Eren, TRT Çocuk ailesi olarak, çocukların ruh ve beden sağlığını ön planda tuttuklarını, onlara hayata hazırlanma sürecinde destek olduklarını vurgulayarak, TRT Çocuk'un milli ve manevi değerleri gözeterek çocukların kendilerini keşfetmesine yardımcı olduğunu, dış dünya ile doğru iletişim kurabilmesine katkı sağladığını anlattı.
Mobil uygulamalardan bahseden Eren, konuşmasını şöyle sürdürdü:
"8. yılımızda yüzde 80 yerli içeriğe ulaşmış bulunmaktayız. Bu rakamı daha da yukarı çekerek çocuklarımızı yerli ve milli yapımlarla buluşturmayı hedefliyoruz. Sadece sayı ve yüzde değil ayrıca içeriklerin niteliği de çok çok önemli. Bunları yaparken Türkiye'deki animasyon endüstrisini destekleyip büyüterek sektörü desteklemeyi devam ediyoruz.
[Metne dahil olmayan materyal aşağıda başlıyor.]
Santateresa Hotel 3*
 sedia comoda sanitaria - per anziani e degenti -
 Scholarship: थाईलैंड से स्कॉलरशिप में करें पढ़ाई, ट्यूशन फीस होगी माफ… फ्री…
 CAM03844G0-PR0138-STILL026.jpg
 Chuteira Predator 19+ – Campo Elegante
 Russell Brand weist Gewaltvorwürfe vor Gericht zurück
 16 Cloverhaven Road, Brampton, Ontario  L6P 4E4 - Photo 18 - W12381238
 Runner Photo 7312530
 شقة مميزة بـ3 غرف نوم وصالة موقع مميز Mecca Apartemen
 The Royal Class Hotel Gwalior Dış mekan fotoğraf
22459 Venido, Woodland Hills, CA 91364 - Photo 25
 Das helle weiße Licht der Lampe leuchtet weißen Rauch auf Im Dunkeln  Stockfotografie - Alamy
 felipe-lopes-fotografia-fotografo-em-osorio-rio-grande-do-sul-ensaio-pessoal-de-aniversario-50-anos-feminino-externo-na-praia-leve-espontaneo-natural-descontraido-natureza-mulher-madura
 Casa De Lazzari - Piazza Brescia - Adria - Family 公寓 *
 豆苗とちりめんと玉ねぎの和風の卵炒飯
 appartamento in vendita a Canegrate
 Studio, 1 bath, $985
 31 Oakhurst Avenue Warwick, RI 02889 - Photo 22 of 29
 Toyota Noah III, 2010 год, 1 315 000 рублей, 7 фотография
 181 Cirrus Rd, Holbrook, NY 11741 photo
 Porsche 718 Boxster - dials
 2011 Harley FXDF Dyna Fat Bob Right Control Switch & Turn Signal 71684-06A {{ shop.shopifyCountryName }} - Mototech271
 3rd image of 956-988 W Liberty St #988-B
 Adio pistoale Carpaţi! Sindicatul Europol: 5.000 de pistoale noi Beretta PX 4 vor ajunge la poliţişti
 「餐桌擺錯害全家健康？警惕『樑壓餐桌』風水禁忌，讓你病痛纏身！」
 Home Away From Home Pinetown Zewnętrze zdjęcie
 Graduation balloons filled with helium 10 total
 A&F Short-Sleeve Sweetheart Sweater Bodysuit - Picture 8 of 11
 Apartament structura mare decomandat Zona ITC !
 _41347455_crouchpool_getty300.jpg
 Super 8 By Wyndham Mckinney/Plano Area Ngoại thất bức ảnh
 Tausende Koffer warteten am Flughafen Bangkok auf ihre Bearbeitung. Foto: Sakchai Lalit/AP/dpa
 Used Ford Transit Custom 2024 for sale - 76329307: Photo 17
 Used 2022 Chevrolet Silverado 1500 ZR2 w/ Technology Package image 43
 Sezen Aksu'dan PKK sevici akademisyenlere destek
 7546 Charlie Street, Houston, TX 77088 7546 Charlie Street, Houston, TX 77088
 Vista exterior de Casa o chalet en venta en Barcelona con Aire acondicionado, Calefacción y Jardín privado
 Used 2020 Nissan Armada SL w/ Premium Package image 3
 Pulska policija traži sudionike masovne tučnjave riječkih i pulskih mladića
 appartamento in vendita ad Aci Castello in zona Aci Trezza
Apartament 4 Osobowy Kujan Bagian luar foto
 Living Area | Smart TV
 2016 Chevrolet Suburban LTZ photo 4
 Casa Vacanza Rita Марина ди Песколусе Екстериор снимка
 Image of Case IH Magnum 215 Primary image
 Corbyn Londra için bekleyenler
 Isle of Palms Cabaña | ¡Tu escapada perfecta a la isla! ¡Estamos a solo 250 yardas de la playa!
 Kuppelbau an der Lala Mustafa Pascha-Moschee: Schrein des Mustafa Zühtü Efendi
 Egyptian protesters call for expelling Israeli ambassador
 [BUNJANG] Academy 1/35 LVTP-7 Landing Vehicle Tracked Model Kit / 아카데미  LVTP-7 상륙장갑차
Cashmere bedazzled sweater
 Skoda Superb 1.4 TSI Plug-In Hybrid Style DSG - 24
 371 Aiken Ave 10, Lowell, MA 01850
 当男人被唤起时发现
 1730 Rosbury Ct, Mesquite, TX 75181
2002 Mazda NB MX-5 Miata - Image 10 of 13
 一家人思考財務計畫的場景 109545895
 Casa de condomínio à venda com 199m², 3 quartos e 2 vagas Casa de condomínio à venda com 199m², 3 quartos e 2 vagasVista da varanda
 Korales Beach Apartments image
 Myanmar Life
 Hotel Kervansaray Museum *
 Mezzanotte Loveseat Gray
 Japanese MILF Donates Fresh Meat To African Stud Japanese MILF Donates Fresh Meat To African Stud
Genç çizer ve animatörler için akademi çalışması da yapıyoruz. Bu akademi ile amacımız özellikle senaryo alanında hevesli gençlere ve emekçilere profesyonel olarak destek sağlamak. Daha sağlıklı ve doğru yanıt veren içerikler üretmeyi ve sektör temsilcilerine destek vermeyi amaç edindik bu konferansla. Anne babalara da yapımcılara da yön gösterecek bir rehberin hazırlıklarına başlayacağız."
5. TRT Uluslararası Çocuk Medyası Konferansı
"Çocuğun Algısına Dokunmak" temasıyla düzenlenen 5. TRT Uluslararası Çocuk Medyası Konferansı iki gün sürecek.
Konferansta medya kuruluşları, yayın birlikleri, üniversiteler ve sivil toplum kuruluşlarının da aralarında bulunduğu çocuk medyası profesyonelleri, tecrübelerini ve projelerini paylaşarak fikir alışverişinde bulunacak.
Sunum ve panel oturumlarıyla eş zamanlı atölye çalışmaları şeklinde planlanan konferansa, Türkiye ve çeşitli ülkelerden alanlarında uzman konuşmacılar katılıyor.
Konferansta, tüm yönleriyle çocuğun medyayı algılaması, çocuk medyası için uygun anlatım dili, dijital medya ve güvenlik sorunu gibi konular ele alınacak.